Chapter 9 - The Result

So, on 1st April 1768, the final vote was cast.  For some days the number of valid votes had been reducing and the Whigs had been struggling to find plumpers but, in the end, a cocktail of exhaustion, disinterest and cost drew the process to an end.  The mayor declared the result as a victory for the Standish and Leicester so that would seem to be the end of the story - but it wasn’t.   

A description of the end of the voting appears in the Salisbury and Winchester Journal for Monday 11th April 1768.  In it there is an extract of a letter from a gentleman in Preston and it shows that, even after the end of the voting, the mob still ruled.

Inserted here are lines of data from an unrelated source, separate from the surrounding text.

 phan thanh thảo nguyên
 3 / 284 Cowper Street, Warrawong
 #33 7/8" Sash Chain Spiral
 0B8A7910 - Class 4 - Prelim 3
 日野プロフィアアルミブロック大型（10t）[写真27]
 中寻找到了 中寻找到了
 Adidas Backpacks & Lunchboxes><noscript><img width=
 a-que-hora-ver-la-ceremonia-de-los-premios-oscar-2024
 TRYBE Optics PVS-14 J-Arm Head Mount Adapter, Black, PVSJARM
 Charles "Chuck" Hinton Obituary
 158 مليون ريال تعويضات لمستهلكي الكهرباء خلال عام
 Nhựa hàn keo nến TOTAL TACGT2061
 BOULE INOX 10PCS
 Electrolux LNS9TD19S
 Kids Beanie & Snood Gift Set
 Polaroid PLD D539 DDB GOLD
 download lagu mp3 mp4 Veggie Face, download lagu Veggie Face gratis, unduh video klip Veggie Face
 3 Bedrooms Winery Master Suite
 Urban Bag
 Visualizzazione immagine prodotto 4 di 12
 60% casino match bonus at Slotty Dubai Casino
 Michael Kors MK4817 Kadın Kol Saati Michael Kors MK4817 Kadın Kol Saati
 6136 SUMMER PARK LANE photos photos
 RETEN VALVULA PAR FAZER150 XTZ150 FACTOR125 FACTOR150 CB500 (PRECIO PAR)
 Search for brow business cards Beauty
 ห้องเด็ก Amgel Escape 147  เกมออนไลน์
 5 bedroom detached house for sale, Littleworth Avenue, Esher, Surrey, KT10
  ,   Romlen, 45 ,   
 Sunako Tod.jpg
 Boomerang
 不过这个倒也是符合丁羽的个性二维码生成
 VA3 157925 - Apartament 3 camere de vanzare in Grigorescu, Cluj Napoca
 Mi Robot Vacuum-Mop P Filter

"The poll finished here on Friday, and the Mayor returned Sir Peter Leicester and Sir Frank Standish: they durst not appear in the court, but were returned in their absence; nor durst the Mayor go down to the Town-hall, till he had previously sent a message to Sir Harry Hoghton and Col. Burgoyne, to acquaint them that so great a concourse of people were assembled that he would not venture out without their protection. Several pistols had been loaded by some of the mob on Sir Peter Leicester's and Frank Standish's part, in order to protect their Baronets whilst they rode thro' the town; but having been found out by the men on the other side, they forced them from them and fired them in the air."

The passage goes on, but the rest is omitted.